I used to use Firefox, and finally gave up on because it has serious memory leak issues in OS X, even this many years under development. What that means is that after using the browser for minutes to hours, it would eat up system resources, become non-responsive, and often require me to force quit, as you’ve had to do. With one release maybe a year or two ago, I had to force quit every time, though that problem went away.
Browsers can become unstable due to plug-ins, and you might review the Tools > Add-Ons view to check what Extensions and Plug-Ins you have installed. Remove or disable the ones you’re sure you don’t need, and see if that helps. And make sure all the ones you do are up to date.
I switched to Safari just a few weeks ago, after finding it incomplete in previous releases. Some of the new features, including muting individual tabs to stop, ahem, auto-playing videos are worth the switch, but it also doesn’t appear to get crashy over time or bloat itself, even with a similar set of extensions from the same companies installed.

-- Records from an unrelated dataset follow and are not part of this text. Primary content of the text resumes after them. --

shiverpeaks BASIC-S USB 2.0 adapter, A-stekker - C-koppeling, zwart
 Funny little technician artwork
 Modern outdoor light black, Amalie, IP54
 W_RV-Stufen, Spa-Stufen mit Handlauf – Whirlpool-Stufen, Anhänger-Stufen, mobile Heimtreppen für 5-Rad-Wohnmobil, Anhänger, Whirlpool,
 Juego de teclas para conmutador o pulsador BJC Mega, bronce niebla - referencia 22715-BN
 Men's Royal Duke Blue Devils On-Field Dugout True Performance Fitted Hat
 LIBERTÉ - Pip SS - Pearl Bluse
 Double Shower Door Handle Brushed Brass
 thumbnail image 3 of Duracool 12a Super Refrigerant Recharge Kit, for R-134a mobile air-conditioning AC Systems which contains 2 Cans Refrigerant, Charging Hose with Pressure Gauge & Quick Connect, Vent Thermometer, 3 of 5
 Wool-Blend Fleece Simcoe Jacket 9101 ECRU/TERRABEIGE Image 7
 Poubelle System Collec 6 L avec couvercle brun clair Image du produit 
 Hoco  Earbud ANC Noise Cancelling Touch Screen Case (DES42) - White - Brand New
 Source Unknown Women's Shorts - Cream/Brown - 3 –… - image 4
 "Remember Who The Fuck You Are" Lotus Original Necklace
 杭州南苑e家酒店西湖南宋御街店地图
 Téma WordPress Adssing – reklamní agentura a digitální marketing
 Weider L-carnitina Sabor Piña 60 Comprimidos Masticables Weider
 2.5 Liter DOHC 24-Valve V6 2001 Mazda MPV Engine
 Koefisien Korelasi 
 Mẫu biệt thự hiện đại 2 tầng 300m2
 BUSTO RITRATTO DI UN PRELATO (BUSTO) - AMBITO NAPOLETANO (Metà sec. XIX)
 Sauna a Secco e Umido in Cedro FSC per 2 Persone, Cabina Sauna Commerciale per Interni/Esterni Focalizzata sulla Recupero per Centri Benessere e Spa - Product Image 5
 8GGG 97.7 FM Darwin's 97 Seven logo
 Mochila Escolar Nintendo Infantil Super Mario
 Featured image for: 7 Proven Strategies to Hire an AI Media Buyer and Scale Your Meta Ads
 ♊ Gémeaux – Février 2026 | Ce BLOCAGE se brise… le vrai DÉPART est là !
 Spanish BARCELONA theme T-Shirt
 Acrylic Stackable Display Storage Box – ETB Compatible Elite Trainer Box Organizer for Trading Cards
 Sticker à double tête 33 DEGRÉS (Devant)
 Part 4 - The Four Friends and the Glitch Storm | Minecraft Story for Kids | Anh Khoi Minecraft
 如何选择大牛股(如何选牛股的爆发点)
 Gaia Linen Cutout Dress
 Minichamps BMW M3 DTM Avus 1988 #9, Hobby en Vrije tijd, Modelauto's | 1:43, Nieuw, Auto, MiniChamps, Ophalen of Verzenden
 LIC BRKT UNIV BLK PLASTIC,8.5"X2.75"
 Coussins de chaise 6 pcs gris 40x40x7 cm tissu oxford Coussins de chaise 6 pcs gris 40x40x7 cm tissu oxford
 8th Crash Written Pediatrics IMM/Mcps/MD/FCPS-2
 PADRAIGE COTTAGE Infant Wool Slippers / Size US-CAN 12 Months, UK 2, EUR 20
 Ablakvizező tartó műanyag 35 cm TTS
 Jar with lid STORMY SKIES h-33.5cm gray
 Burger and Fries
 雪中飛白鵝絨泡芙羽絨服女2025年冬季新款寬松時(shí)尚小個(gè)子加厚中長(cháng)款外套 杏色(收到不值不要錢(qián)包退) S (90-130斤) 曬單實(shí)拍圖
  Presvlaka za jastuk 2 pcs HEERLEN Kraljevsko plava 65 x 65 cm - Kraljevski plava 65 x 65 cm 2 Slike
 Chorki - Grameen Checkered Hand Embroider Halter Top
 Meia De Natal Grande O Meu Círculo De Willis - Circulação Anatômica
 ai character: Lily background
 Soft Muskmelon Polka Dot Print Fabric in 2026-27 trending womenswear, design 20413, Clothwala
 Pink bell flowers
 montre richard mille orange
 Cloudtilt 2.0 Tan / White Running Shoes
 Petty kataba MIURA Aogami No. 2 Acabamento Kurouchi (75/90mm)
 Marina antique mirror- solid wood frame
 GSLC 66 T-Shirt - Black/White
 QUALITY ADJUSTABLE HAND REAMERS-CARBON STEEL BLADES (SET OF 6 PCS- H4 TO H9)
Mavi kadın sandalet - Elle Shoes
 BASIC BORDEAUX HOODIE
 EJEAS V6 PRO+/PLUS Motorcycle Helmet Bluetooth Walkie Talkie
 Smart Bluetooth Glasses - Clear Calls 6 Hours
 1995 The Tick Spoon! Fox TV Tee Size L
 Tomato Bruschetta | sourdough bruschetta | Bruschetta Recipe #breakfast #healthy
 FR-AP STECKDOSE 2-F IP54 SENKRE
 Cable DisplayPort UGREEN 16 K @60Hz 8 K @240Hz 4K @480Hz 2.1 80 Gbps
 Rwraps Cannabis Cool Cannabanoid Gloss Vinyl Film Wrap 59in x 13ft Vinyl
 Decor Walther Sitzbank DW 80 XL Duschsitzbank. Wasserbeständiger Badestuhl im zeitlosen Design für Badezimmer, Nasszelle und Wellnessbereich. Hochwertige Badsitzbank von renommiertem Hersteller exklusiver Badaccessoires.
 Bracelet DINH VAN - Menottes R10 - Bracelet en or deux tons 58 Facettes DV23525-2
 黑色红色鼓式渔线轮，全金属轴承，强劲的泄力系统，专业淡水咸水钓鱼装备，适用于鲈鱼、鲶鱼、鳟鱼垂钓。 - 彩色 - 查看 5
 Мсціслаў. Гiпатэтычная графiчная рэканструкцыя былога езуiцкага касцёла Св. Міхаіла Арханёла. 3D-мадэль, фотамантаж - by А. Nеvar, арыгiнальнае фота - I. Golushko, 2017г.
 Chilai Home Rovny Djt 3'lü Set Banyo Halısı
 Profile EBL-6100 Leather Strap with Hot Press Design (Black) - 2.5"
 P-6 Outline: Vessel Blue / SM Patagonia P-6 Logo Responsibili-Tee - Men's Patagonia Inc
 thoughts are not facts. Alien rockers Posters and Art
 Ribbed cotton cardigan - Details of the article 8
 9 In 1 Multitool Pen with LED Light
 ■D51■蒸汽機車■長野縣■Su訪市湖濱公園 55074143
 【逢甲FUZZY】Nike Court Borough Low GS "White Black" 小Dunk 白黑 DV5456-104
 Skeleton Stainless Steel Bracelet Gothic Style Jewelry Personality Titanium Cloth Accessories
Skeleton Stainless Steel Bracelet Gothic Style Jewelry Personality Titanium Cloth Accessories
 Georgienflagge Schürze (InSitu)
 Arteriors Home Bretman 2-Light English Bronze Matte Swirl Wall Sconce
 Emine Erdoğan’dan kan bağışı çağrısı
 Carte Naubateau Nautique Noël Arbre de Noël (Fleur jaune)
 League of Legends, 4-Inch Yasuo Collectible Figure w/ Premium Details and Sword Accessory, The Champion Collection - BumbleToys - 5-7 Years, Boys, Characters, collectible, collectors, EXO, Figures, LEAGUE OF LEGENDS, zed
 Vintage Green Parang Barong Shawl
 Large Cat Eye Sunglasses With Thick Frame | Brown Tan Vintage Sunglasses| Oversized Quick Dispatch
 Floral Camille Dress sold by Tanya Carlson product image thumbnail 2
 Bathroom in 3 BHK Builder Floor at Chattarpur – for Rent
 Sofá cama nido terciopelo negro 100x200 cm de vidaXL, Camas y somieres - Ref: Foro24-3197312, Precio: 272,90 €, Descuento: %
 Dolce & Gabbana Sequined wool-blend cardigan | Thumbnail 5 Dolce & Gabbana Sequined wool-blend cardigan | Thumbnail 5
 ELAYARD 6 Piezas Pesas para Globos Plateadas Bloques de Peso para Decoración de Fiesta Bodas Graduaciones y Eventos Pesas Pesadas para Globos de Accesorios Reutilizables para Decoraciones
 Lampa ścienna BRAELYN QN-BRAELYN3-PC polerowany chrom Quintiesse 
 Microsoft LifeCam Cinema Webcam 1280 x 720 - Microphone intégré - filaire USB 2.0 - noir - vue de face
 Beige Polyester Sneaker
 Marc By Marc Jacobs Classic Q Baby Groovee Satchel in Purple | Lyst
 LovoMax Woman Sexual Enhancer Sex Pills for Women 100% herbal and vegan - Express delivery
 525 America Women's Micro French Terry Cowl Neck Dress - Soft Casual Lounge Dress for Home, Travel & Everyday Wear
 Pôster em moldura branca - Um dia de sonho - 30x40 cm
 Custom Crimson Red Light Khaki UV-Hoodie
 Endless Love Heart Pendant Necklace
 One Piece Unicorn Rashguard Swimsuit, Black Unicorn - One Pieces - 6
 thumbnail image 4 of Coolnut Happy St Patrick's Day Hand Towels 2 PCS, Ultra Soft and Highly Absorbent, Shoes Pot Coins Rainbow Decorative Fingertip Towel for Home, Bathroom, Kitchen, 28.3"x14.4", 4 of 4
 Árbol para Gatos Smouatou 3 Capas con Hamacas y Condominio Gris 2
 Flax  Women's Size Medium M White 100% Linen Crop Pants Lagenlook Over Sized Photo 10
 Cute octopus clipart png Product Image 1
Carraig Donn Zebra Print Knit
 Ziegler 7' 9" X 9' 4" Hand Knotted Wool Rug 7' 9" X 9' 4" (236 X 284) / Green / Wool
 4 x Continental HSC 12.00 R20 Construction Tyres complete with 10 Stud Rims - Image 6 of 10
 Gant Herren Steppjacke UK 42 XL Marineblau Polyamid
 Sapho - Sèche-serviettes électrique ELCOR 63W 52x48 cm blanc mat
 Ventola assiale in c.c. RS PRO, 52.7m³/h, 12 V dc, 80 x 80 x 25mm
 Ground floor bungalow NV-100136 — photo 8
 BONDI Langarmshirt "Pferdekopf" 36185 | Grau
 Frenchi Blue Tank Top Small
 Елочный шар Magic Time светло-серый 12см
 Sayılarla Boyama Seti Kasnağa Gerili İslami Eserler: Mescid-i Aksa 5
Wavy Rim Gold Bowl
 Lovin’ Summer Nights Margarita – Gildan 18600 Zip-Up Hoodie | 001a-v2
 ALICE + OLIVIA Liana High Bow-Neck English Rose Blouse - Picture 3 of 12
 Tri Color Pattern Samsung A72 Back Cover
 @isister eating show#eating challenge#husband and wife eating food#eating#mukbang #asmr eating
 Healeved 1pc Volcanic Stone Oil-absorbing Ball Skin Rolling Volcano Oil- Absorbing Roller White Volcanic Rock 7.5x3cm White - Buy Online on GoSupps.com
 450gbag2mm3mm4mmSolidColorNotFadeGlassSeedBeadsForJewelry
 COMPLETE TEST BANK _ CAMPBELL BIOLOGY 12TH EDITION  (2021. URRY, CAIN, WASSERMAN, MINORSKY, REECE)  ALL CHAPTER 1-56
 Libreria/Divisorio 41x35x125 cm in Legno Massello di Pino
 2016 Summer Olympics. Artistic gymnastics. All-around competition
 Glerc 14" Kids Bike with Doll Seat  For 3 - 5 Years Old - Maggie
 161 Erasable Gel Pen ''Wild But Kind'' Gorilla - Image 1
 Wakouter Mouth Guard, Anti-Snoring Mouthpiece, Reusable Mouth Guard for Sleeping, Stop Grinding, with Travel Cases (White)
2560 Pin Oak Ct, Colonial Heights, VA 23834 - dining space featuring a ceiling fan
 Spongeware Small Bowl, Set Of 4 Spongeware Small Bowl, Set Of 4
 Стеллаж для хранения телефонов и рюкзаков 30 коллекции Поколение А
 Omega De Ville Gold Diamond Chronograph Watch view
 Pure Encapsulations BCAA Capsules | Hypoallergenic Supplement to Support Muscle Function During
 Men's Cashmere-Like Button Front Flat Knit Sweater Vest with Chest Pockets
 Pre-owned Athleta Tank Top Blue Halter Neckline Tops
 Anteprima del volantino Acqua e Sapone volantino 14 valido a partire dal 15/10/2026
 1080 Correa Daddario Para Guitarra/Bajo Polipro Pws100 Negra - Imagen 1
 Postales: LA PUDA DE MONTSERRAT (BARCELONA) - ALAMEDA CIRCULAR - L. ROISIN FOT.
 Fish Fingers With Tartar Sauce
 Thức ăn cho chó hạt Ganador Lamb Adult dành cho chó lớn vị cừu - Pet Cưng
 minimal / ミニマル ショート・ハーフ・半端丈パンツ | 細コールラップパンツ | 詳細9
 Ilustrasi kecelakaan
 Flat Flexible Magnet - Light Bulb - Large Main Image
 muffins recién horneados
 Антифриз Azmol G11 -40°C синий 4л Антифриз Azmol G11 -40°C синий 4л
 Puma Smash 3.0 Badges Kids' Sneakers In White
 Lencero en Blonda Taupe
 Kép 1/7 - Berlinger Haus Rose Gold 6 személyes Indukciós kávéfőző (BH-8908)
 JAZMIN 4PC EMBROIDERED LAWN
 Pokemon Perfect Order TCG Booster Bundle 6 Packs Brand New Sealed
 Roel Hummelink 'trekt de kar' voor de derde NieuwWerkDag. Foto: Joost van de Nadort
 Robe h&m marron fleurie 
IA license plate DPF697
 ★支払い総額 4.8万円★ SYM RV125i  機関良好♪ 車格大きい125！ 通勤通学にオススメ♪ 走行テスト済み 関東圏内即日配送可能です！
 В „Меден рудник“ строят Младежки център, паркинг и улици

As to whether Apple reads crash reports, we have to fire up the old Magic 8 Ball, and the answer is always, “Hazy, try again later.” Apple reveals very little of its internal procedures, but from what I’ve heard from third-party developers, the fruit company seems to recognize when an abundance of problems occur, and will alert developers to help them improve their product. Developers can also include crash reporting in a couple of different ways, and I can tell you that nearly every software firm I’ve talked to takes these reports very seriously in improving products.
You can file bug reports for Apple products and OSes directly at its primitive Bug Reporter site, which is so ancient looking you’d believe it’s not used at all. Apple does read and respond to this, but not directly. I recall filing a bug report about a web server issue in OS X Server in the late 2000s, and several months or maybe a year later getting a response that the problem had fixed. Often, you don’t get any update at all.
Open Radar is a community bug reporting site that encourages developers posting scenarios to Apple’s tool to also replicate them so that the information can be shared. You can search through here for known bugs that other people have written up.